# PROBLEM REQUIREMENTS
In this exercise, the entries below include pictures. Repeat exactly the lines from the line with "Gammagrafía ósea de" to the line with "This is seriously alarming !!", including both, but without the pictures.

*** Opening MATERIAL FOR THIS EXERCISE ***

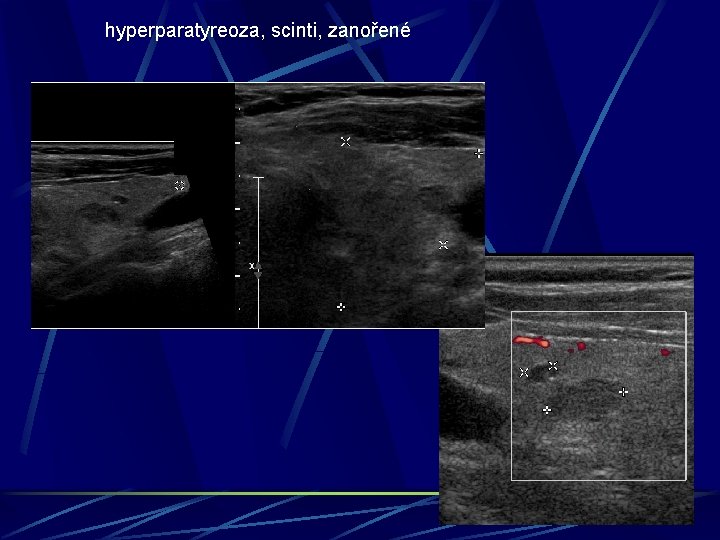 hyperparatyreoza, scinti, zanořené 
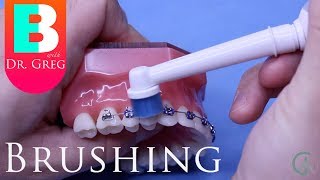 Brushing Your Teeth with Braces [upl. by Grissom]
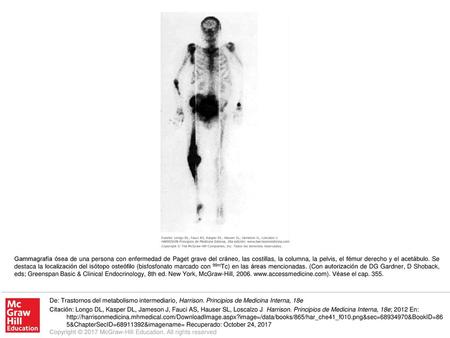 Gammagrafía ósea de una persona con enfermedad de Paget grave del cráneo, las costillas, la columna, la pelvis, el fémur derecho y el acetábulo. Se destaca.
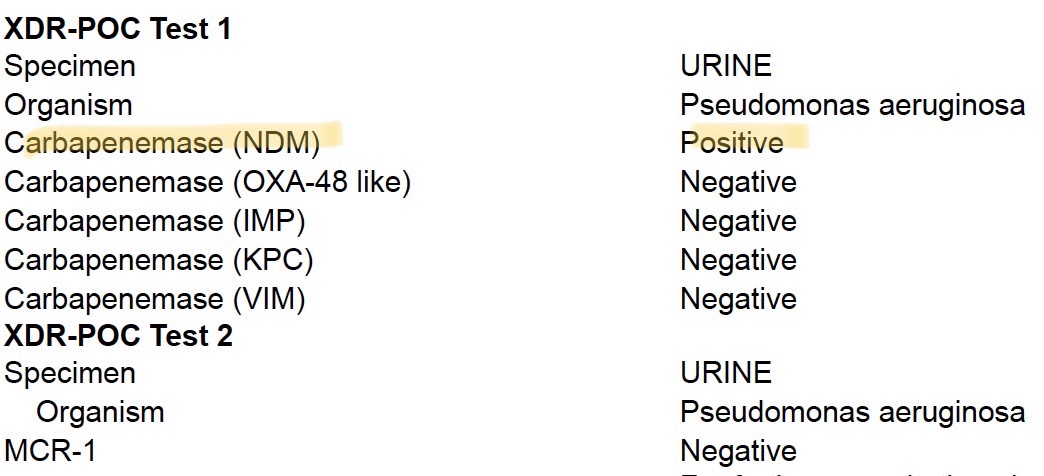 <a href="/CamsNepal/">CAMS Nepal</a> AMR MAPPING in #NEPAL
- too many NDMs, then OXA-48 !!
This is seriously alarming !!

The majority of the superbugs in ICUs of Kathmandu, Nepal, have NDM, which is very contrasting to the data from the US

We are in AMR Epidemic here !!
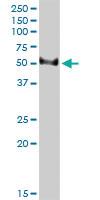 Anti-TFB2M Mouse Monoclonal Antibody [clone: 2E10]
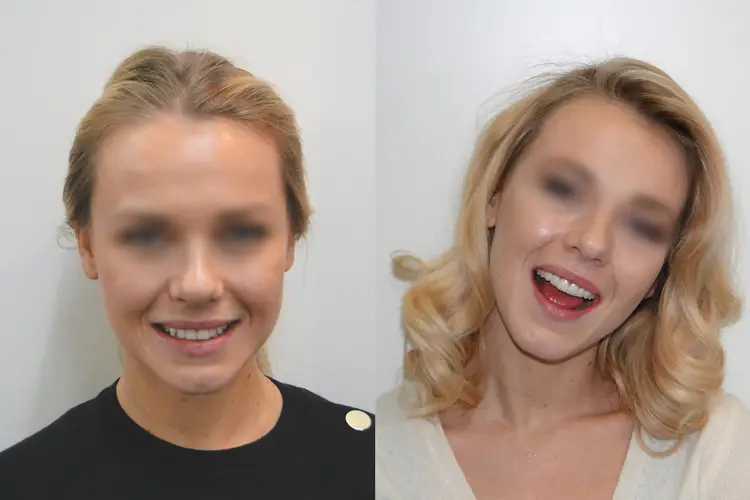 Belle femme sourire de star avec des facettes dentaires sur mesure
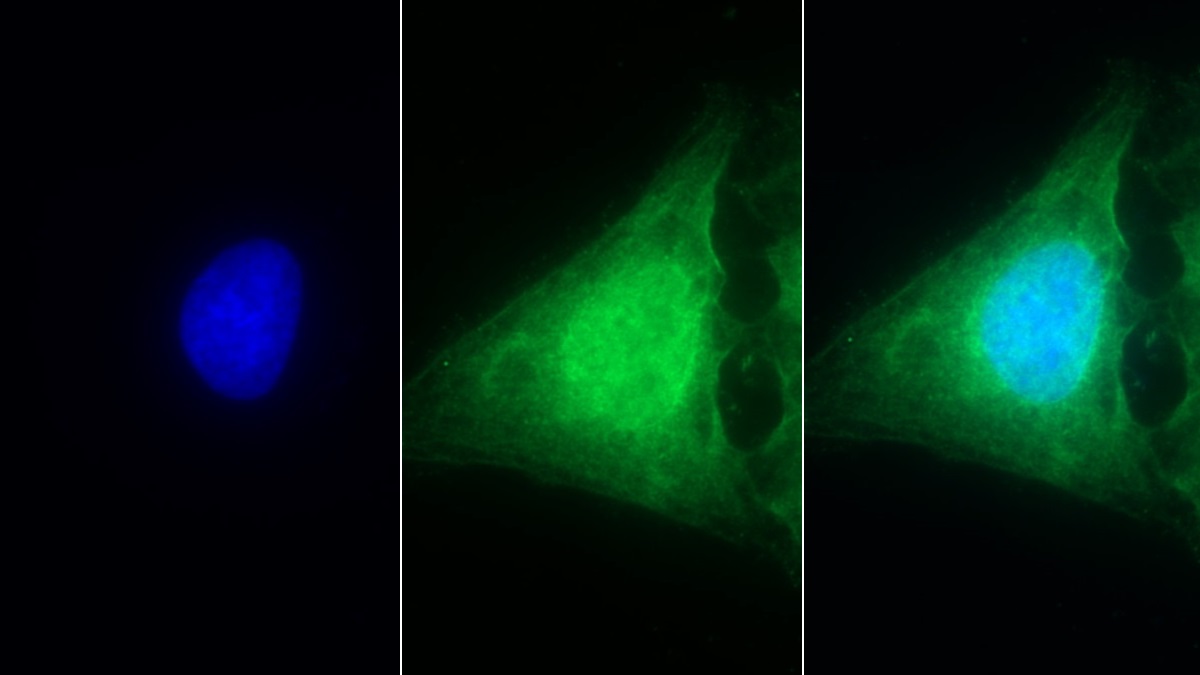 Polyclonal Antibody to Caspase 1 (CASP1)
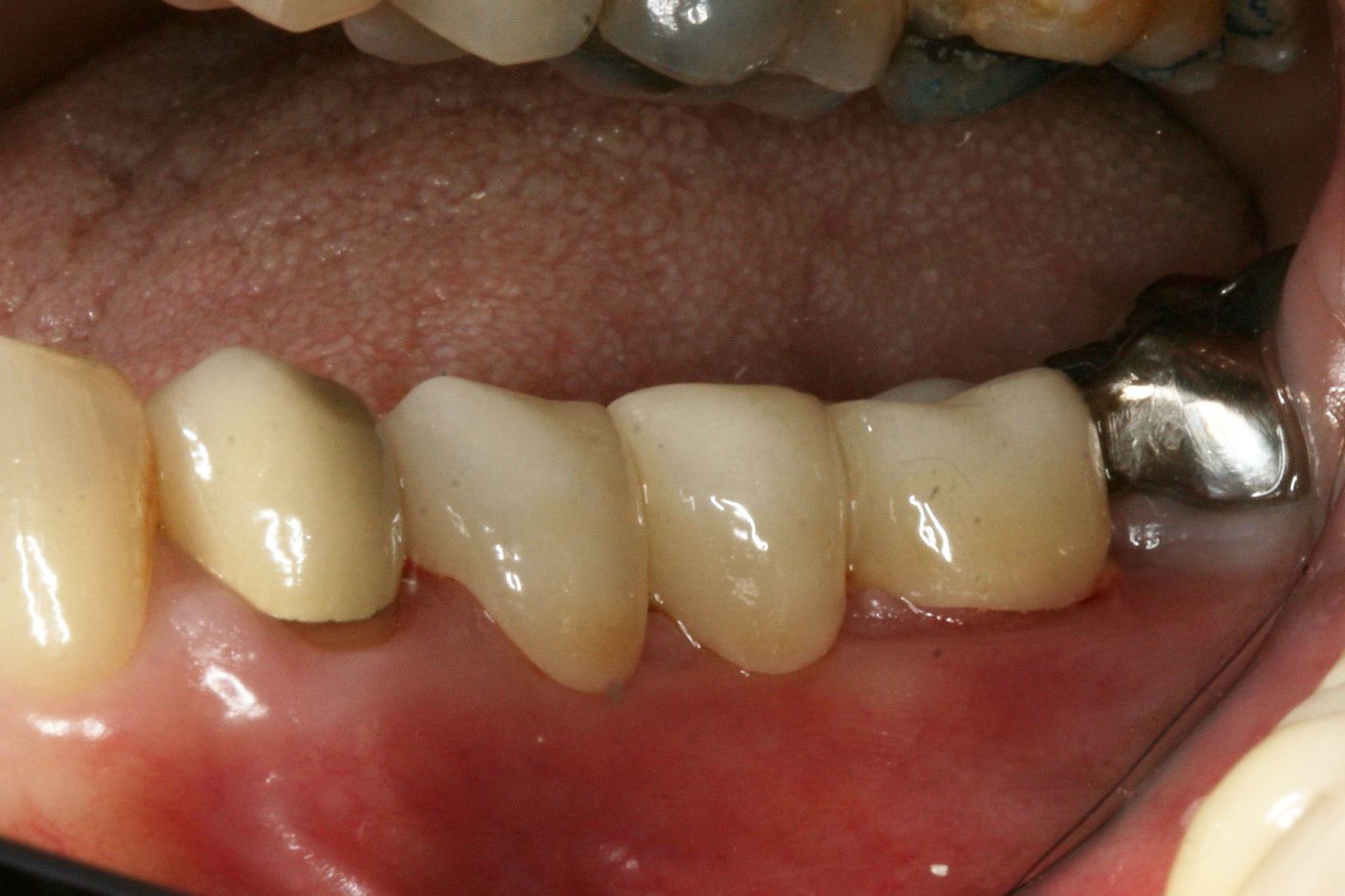 Fixing a decayed smile after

*** Closing MATERIAL FOR THIS EXERCISE ***

# WRITTEN SOLUTION
 Gammagrafía ósea de una persona con enfermedad de Paget grave del cráneo, las costillas, la columna, la pelvis, el fémur derecho y el acetábulo. Se destaca.
 <a href="/CamsNepal/">CAMS Nepal</a> AMR MAPPING in #NEPAL
- too many NDMs, then OXA-48 !!
This is seriously alarming !!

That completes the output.